A workflow for turning talks into blogposts with ML

In: Natural Language Generation, Projects
Published on
Written from the perspective of a machine learning engineer.

This blogpost was co-created with ChatGPT.

In this blogpost, I will describe the workflow I used to efficiently turn my talk videos into blogposts with machine learning. The heavy lifting is done by two relatively new machine learning tools: whisper.cpp and ChatGPT.

I use whisper.cpp, created by Georgi Gerganov, for audio transcripton. Whisper.cpp is a lightning fast open-source implementation of OpenAI's automatic speech recognition (ASR) model Whisper. I love that it runs offline, on my 5 year old computer, without any third party dependencies. It transcribed 15-30 minute talks in mere minutes. The audio transcripts are edited by hand and then fed ChatGPT for further processing.

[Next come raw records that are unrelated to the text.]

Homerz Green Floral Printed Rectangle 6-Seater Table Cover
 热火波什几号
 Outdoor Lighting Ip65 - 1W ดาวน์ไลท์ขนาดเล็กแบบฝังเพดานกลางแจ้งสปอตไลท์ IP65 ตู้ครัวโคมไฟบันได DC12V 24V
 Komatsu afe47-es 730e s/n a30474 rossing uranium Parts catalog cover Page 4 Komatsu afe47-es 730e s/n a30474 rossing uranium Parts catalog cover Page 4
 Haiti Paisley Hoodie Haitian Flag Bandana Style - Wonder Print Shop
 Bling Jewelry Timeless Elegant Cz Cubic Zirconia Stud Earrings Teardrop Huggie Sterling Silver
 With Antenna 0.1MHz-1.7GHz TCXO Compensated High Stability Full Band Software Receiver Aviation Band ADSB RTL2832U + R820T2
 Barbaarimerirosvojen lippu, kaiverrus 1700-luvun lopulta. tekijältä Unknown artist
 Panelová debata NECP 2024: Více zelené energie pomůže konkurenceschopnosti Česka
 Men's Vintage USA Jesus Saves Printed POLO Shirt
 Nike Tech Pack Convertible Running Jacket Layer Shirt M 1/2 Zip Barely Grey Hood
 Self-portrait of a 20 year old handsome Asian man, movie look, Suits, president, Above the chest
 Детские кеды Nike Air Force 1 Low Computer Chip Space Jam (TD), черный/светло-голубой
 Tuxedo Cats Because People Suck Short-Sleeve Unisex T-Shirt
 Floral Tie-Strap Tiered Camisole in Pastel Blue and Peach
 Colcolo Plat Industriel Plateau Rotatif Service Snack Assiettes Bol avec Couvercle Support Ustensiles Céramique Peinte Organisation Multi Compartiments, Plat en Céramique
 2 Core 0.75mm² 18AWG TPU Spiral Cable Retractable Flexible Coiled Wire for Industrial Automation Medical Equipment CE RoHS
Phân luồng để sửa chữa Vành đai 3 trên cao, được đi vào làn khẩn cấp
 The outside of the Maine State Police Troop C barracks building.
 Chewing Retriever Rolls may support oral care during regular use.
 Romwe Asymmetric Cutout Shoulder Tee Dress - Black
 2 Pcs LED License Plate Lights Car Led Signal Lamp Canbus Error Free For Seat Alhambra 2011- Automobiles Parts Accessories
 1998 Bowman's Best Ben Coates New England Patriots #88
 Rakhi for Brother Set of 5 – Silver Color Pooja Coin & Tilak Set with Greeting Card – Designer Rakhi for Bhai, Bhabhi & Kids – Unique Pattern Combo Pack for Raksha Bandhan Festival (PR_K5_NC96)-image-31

ChatGPT is a large language model by OpenAI -- as it will repeatedly tell you if you feed it the wrong prompt. It can be used for a variety of natural language processing tasks, such as text completion, translation, and summarization. I use ChatGPT to help me rewrite my transcripts into more fluent and natural-sounding texts.

Here's the workflow:

  1. Clone the whisper.cpp git repository and follow the excellent installation instructions in the readme.
  2. Optional: download a specific GGML model for whisper. However, you don't NEED a fancy model. The base model that is downloaded as part of the whisper.cpp demo worked fine for transcribing talks. The base model supports multiple languages. (Edit: for transcribing English talks I now use the medium-sized model for English: ggml-medium.en.bin)
  3. Prep the audio of the talk you want to transcribe. My old talks are on YouTube, so I used youtube-dlp to download the video and extract the audio as an mp3-file. Example: youtube-dlp -x https://www.youtube.com/watch?v=dQw4w9WgXcQ --audio-format mp3
  4. Whisper.cpp only works on 16-bit wav files, so I then convert the mp3 to wav with ffmpeg. Example: ffmpeg -i filename.mp3 -ar 16000 -ac 1 -c:a pcm_s16le filename.wav
  5. I tell whisper.cpp to transcribe the file, following the demo in the project's README. Example: ./main -m models/ggml-base.bin -otxt filename.wav
  6. Now we start prepping the transcript to make it ingestible by ChatGPT. Start by adding newlines to the transcript and break up the text in clear paragraphs.
  7. Edit the text to remove any irrelevant paragraphs.
  8. Remove incorrect words or substitute them for placeholders such as [name]. Things like names, urls and hyperspecific jargon can be tricky to transcribe for Whisper.
  9. Use ChatGPT to help you rewrite the transcript into a more fluent and natural-sounding text. A useful prompt for this step is: "You are a professional editor. Rewrite this transcript into a more fluent text. Break up long sentences without changing the meaning or leaving out information. Make the flow of the text more natural." I started out with adding the prompt to every interaction with ChatGPT. However, the bot is optimized for dialogue and it pretty good in remembering the conversation so far, so retrospect this was not really necessary.
  10. Feed one or two paragraphs at a time to the language model. If you provide it with too much text (e.g. three or more paragraphs), it may start to leave out important information.
  11. Concatenate all rewritten paragraphs.
  12. Factcheck and spellcheck the text. If you skip this step, I will cry and/or lose my hope for the future of humanity.
  13. Finish up the blogpost by adding links, references, and images.

Writing a blogpost this way can still be a lot of work, but it definitely beats transcribing 30 minutes of audio by hand. As added bonus, I now have text-searchable (and search engine discoverable!) textual versions of my past talks.